I just want to say for the record I am dissappointed at the lack of traffic my Rudy, baseball, and politics post has gotten. C’mon, people. That’s some of my best work.
Well, let me say this about that. One of the things Rudy did as mayor which I did not like … nor did my barber by the way … was to go along with a proposal to publicly fund a new stadiunm for Steinbrenner and the Yankees. About the only thing his successor has done (Bloomberg) that I care for is to tell Steinbrenner that NYC does not have the money for such frivolity and if the Yankees want a new stadium the Yankees can damn well pay for it. I know this issue is somewhat more complex than meets the eye but, bottom line, I come out where Bloomberg came out. After all, how likely is it that the Yankees would would move out of the city if they had to pay for their own stadium? If they did, someone else would be happy to move in to fill the hole. So, all in all, Guliani’s love of baseball, if it exists, means nothing to me. In fact, its a strike against him because it puts im squarely on the side of tax and spend and in alliance with those who would take money from the have nots and give it to the haves just as is being done in the recent eminent domain cases sanctioned (narrowly) be the Supreme Court. So, as far as I am concerned, you should not be too unhappy that you haven’t gotten many comments on your piece because they culd well sound like this one.
As we’ve discussed off line, the primary point of the post is that baseball is the sport of politics, and as such Giuliani is the clear choice for president.

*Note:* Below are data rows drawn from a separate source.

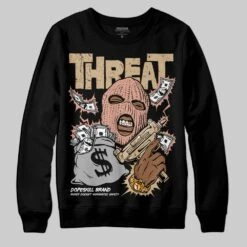 TAN Collection DopeSkill Sweatshirt Under Threat Graphic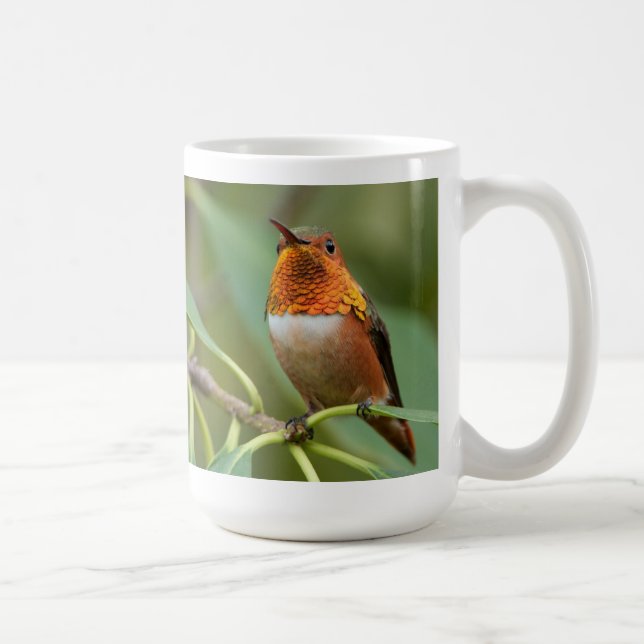 De Café Caneca do colibri (Direita)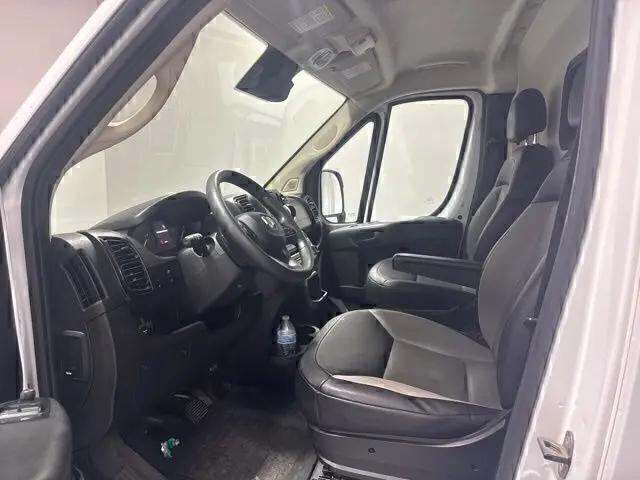 2024 Ram ProMaster 2500 Cargo Van Tradesman High Roof 159" WB w/Pass Seat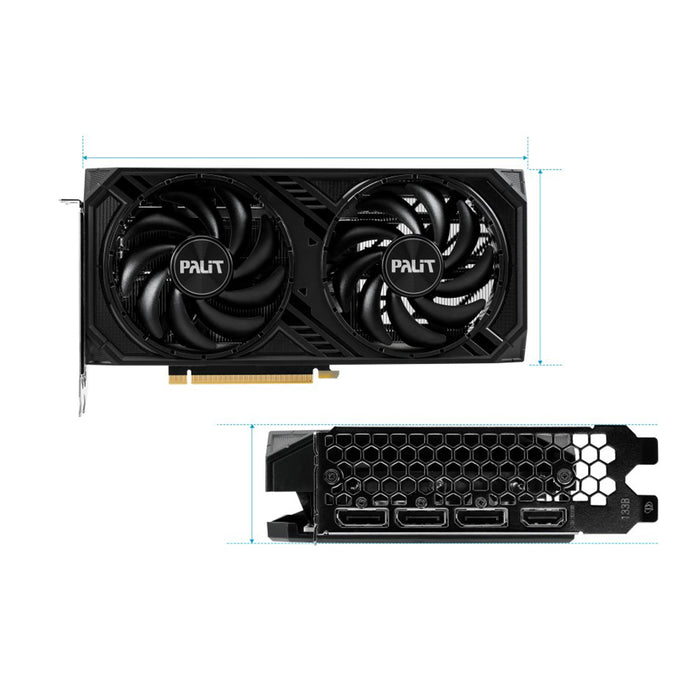 Palit Dual GeForce RTX 4060 Ti 8GB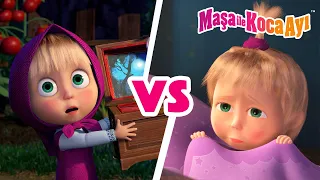 🐑 Uyu Bebek Uyu 💤  🆚 🛌 Uyuyan güzeller 🎁 Maşa İle Koca Ayı 😴 Masha and the Bear Turkey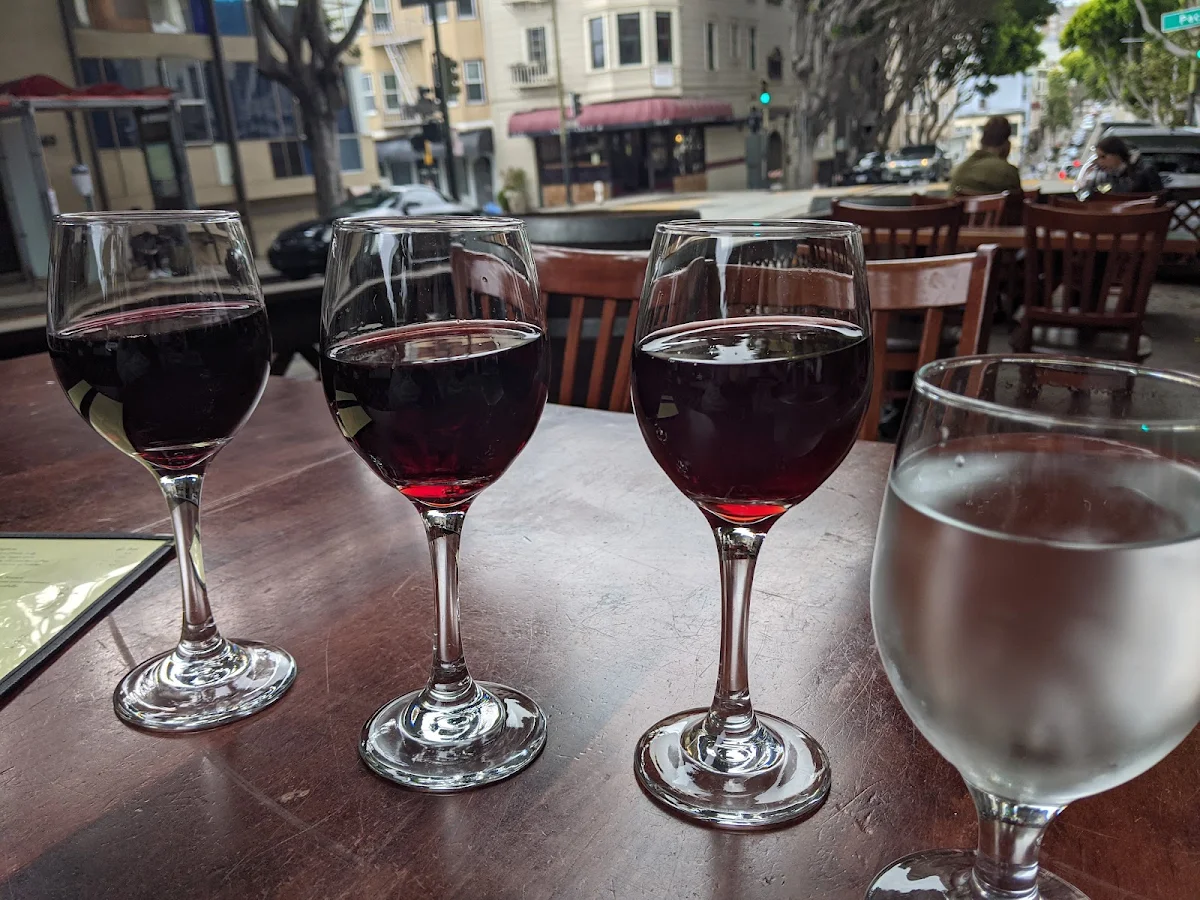 Red Wine Flight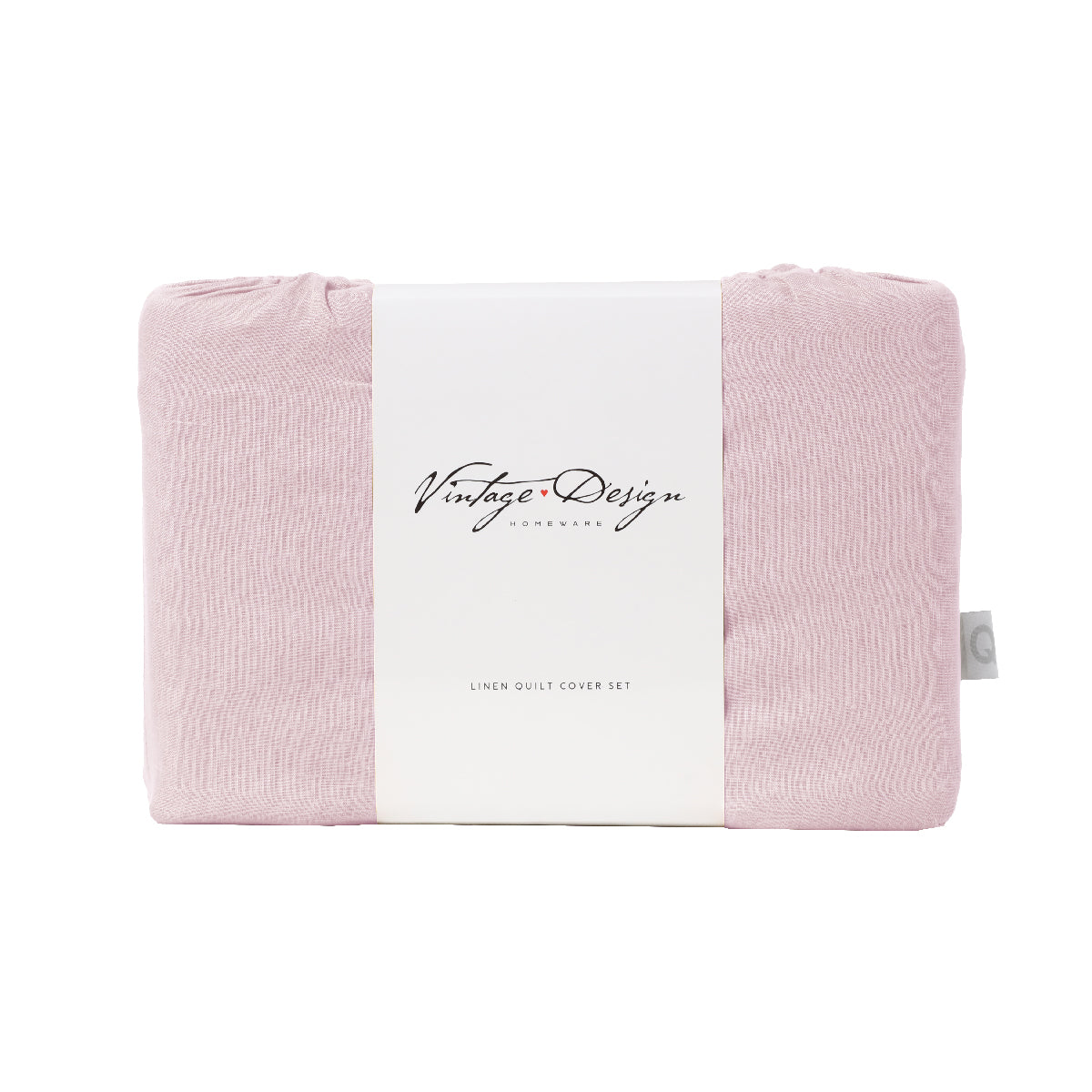 Linen Quilt Cover Set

Now, as a tangent, you may imply his fanhood of the Yankees made him a credulous consumer of all those specious studies that claim sports stadiums and arts centers generate lots of money for urban areas. Nevertheless, though, I do depart from conservative fundamentalism a bit on this subject. Personally, I think our major metropolitan areas serve valuably as magnets for culture and the source of regional identity and pride.

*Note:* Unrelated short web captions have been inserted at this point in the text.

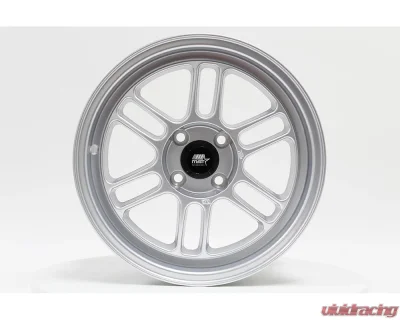 MST Suzuka Series Flow Formed Wheel 15x7.0 4X100 33mm Glossy Silver - 19-5749-33-SIL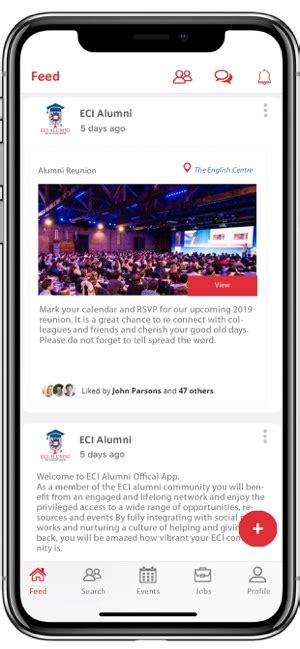 ‎eci Alumni On The App Store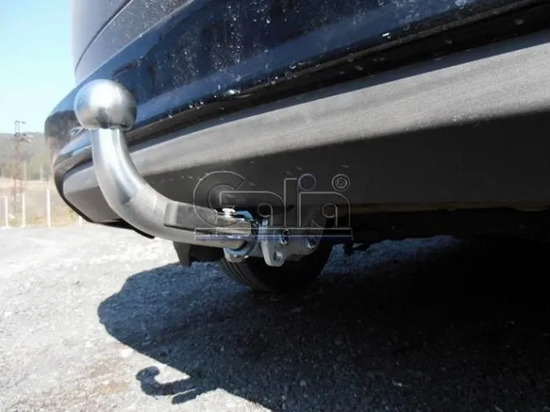 Фаркоп Galia оцинкованный для Ford Focus ll универсал 2005-2011. Быстросъемный крюк. Артикул F096C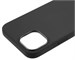 Панель-накладка Hardiz Liquid Silicone Magnet Case with MagSafe Black для Apple iPhone 14. Изображение 3.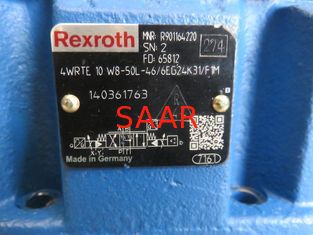 Rexroth標準的な弁4 WRTE 10 W 8つ- 50のL - 46/6例えば。24K31/F1M MNR R901164220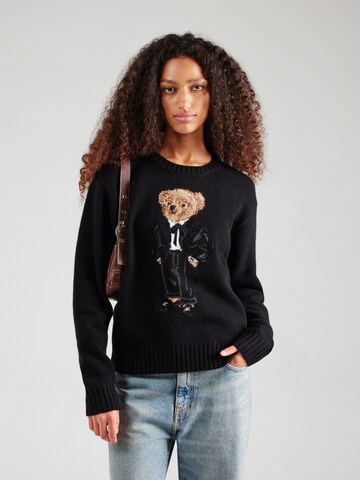 Polo Ralph Lauren Sweter w kolorze czarny: przód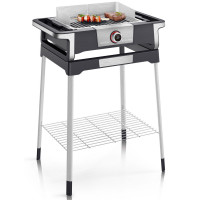 Produktbild för Elgrill m.ben 500°C Senoa digital PG8118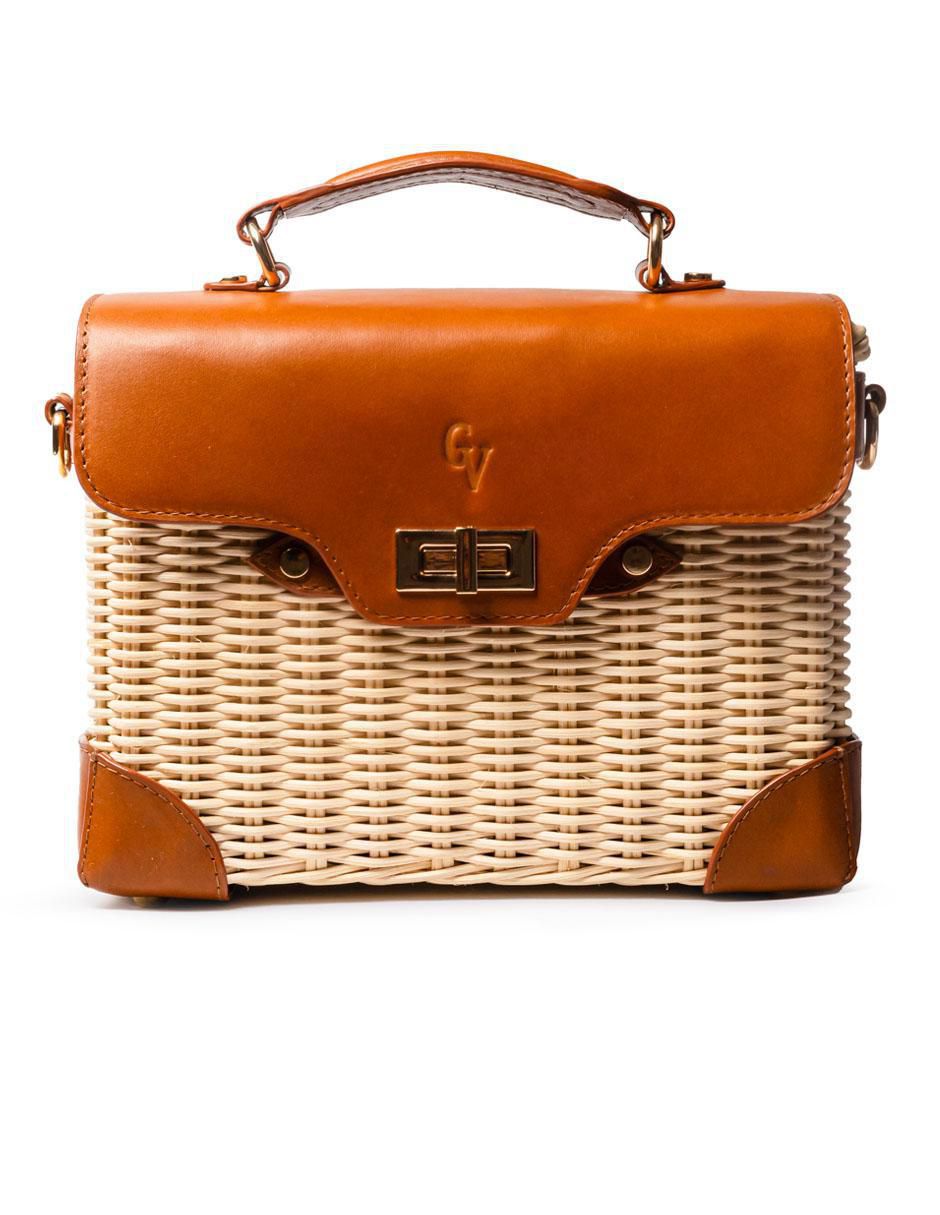 Bolsa satchel Metropoli para mujer 6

Given this, I think occasional subsidies for the arts, and even sports stadia, are appropriate. It may be irrational, but sports teams enhance social identity and community. This should be supported. And as for arts organizations, a look at most of the movies that make the most money will indicate that an unfettered market can lead us to a cultural lowest common denominator.
This can be mitigated through government support. Of course, I do think, in both cases, this means the government ought to be able to twist some arms as a result. If the municpality helps finance these things a certain amount of civic-minded influence should not be feared, or unexpected.